── Given data
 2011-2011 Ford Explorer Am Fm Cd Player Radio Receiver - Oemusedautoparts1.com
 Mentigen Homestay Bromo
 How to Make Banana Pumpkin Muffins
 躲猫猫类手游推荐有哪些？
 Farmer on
────
── Given data
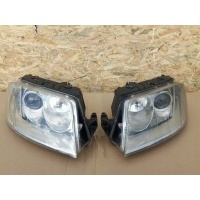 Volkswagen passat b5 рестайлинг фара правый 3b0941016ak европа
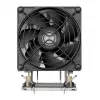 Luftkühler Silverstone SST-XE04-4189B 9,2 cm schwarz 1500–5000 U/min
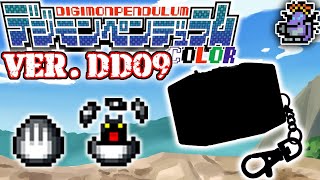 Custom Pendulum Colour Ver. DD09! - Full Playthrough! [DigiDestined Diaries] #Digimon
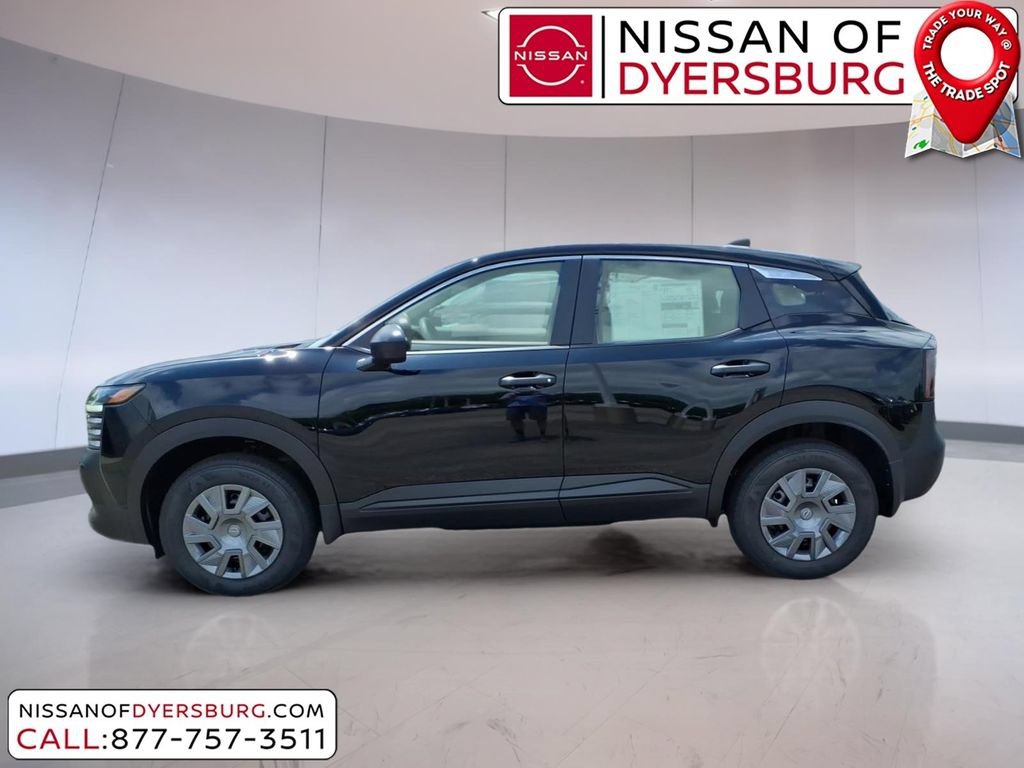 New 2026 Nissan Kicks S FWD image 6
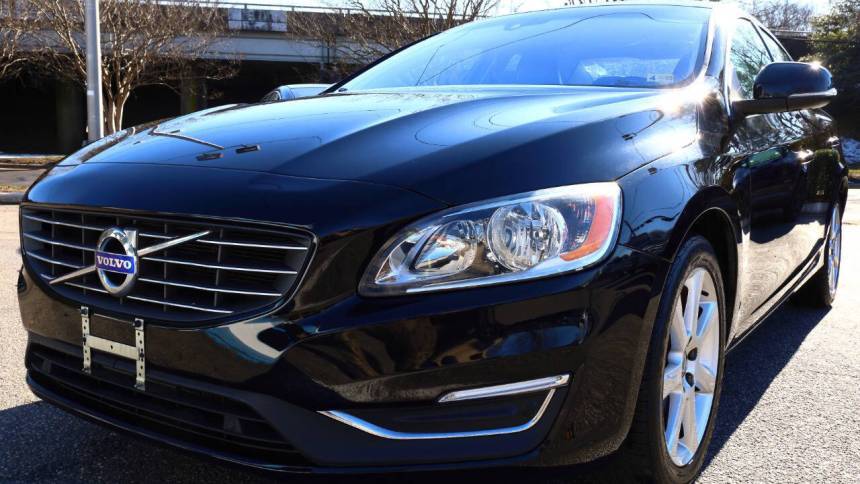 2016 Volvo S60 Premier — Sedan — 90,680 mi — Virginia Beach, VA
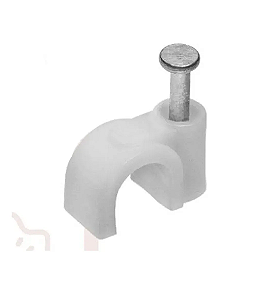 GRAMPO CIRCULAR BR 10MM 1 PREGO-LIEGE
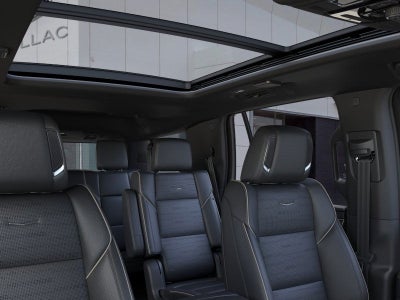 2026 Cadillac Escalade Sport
────
● Problem requirements
Please print the lines above word for word, starting at the one with "Volkswagen passat b5" and ending at the one with "2016 Volvo S60", both included, and without any picture.

● Your solution
 Volkswagen passat b5 рестайлинг фара правый 3b0941016ak европа
 Luftkühler Silverstone SST-XE04-4189B 9,2 cm schwarz 1500–5000 U/min
 Custom Pendulum Colour Ver. DD09! - Full Playthrough! [DigiDestined Diaries] #Digimon
 New 2026 Nissan Kicks S FWD image 6
 2016 Volvo S60 Premier — Sedan — 90,680 mi — Virginia Beach, VA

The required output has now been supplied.